Category Archives: GIS

Open Data GB postcode unit boundaries

Summary

In October 2020 there was big news for postcode geography geeks like me: the ONS added a postcode column to their NSUL dataset, which gave us for the first time a coordinate and postcode for each property in Great Britain as open data. I’d previously tried to generate polygons for the boundary of each postcode based on the single coordinate per postcode found in ONSPD, but the results were very approximate. With this new data I could use a very similar technique, but this time with coordinates for all the postal addresses in each postcode to get much more accurate postcode unit polygons.

This turned out to be quite a lot of work, but the results are pretty satisfying, I think. The two biggest problems with the end results are:

  1. NSUL only covers Great Britain; I don’t know of any similar dataset for Northern Ireland.
  2. NSUL doesn’t just contain UPRNs that represent deliverable postal addresses; it also has coordinates and postcodes for things like whole streets, pollution monitoring devices, verges and also historic UPRNs and so on. Since I can’t filter these out with any open data that I know of, these points distort some of the boundaries. See the section “How does this compare to ‘Code-Point with Polygons’?” below.

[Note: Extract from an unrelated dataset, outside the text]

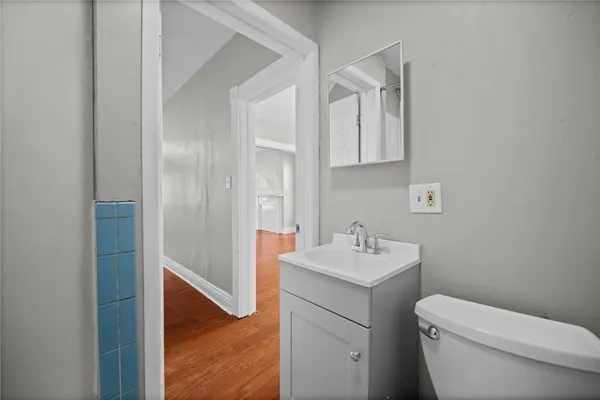 a bathroom with a sink toilet and a mirror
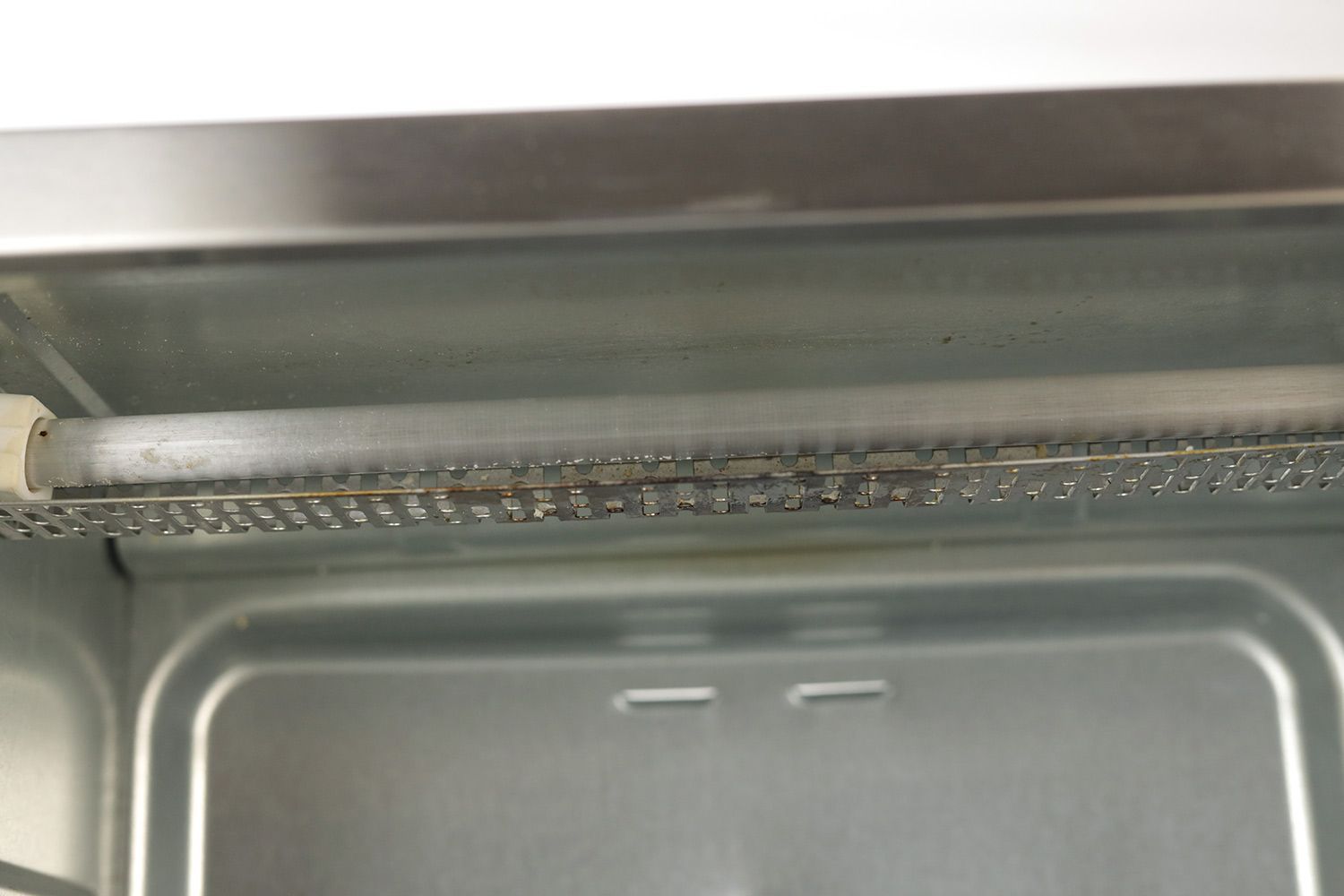 Black and Decker 4 Slice Toaster Oven CleanabilityThe cleaned upper heating element guard of the Black+Decker TO1760SS Natural Convection Toaster Oven with some discoloration.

However, as far as I know these are the best open data boundaries of GB postcode units available for free, and they could still be improved by some work on excluding UPRNs that aren’t current postal addresses. (See “What could be improved?” below for some suggestions.)

What is this dataset useful for?

I suppose that the main use-case for these boundaries is that you have some data where values are associated with postcodes, and you want to visualize them on a map.

For me personally, it also just sates my curiosity about the notional shapes of postcodes, e.g. where they just run down one side of a street, how new developments break up existing patterns, etc. etc.

Get the data

You can download GeoJSON for the postcode unit, sector, district and area polygons from here:

Download the data as GeoJSON files (approx. 1GB)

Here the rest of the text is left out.